The money paid to the manufacturer is only some of the cost of fitting the component. In this case, the cost is quite small and the difference between the 74AUP1G97 and other single-gate ICs is even less, about 1 or 2 cents.
Production costs include getting the right component to manufacture at the right time, and having fewer different components reduces that cost.
Even items that have large production runs end up with extra components for unused functions, or for extra safety factor that may or may not be worth having.
There is also development time savings to be considered. If the engineers can reuse a component for which they know its characteristics and availability, time is saved.
Two examples of extra stuff spring to mind:-
1) High frequency boards are often full of capacitors, have a full ground plane and have lots of through-board connections to make sure the ground is good.
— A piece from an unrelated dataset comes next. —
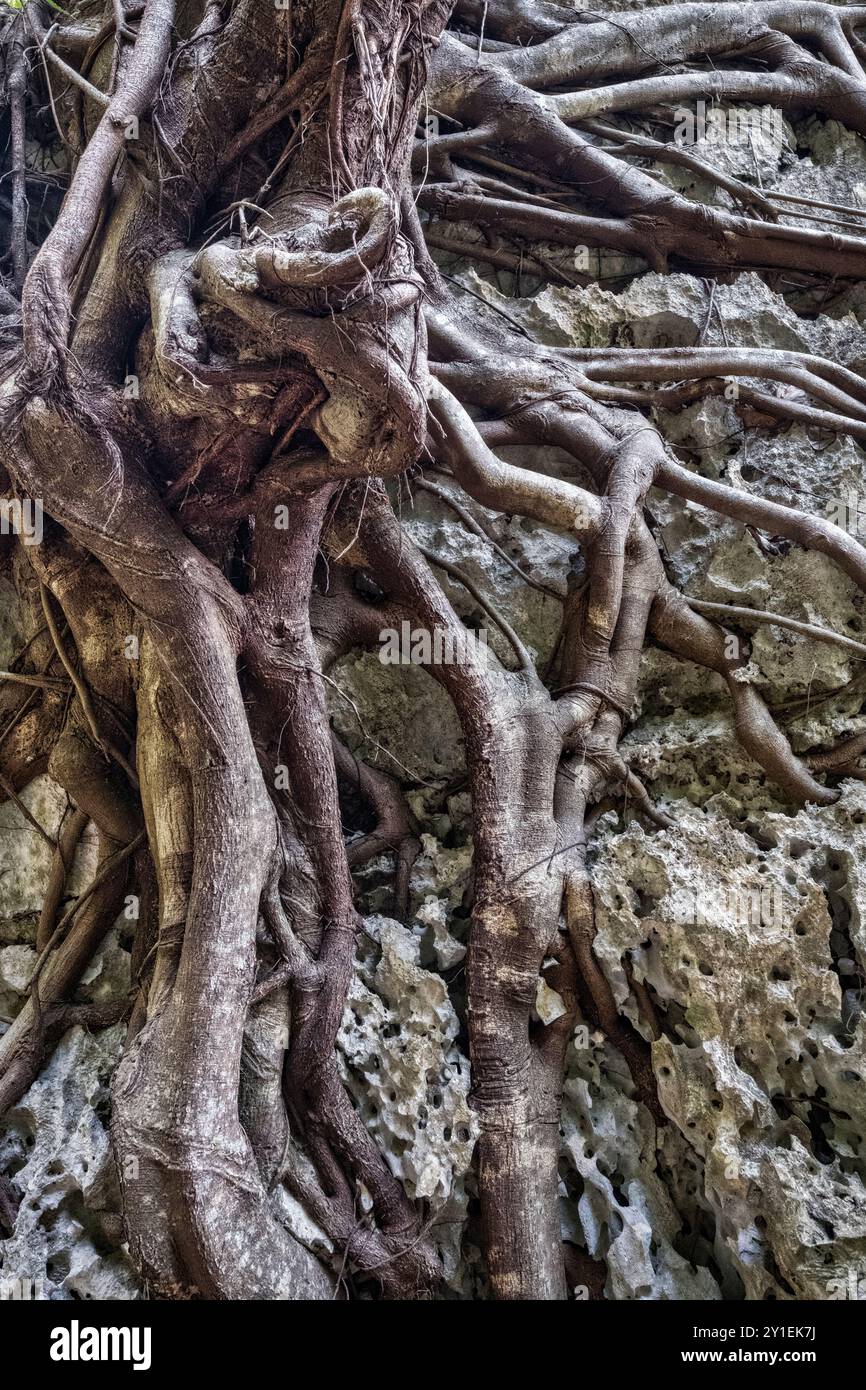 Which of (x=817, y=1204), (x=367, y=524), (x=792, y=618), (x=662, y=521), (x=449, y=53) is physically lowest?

Most of those boards will not need every capacitor and every hole but it is usually cheaper to make it like that than to spend time optimising to save a few cents per item.
2) I had a car that had a 4 cylinder engine and one exhaust pipe, but that model was also sold with a V6 and an exhaust either side. Mine had a heat shield on both sides of the engine bay, as they obviously decided it was cheaper to fit the full heat shield on everything than to mix and match.